• [What you have to do] From the listing below, copy only the lines running from the line that contains "トイレ　洗浄機能付きのトイレです" to the line that contains "Audi Q3 2023 35 TFSI Fashion (1.4T)", both included.

• [Provided data]
============

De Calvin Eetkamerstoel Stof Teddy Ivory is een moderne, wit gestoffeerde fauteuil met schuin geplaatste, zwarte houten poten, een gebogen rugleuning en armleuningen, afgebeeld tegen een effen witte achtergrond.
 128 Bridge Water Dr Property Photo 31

============

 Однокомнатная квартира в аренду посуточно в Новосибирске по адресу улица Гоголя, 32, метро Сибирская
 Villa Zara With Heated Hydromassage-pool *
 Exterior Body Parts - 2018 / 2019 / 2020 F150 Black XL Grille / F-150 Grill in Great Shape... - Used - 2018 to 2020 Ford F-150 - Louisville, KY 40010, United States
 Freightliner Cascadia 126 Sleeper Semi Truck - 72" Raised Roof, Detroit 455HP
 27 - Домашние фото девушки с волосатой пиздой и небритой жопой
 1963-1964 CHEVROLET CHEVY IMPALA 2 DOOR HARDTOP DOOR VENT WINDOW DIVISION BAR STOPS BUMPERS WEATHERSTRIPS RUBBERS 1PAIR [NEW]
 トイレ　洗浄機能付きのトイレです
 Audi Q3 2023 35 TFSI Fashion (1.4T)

============

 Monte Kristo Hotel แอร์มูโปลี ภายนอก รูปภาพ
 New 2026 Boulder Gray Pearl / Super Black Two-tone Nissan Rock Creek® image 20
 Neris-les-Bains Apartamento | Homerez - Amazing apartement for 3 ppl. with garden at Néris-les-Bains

============

• [Answer below]
 トイレ　洗浄機能付きのトイレです
 Audi Q3 2023 35 TFSI Fashion (1.4T)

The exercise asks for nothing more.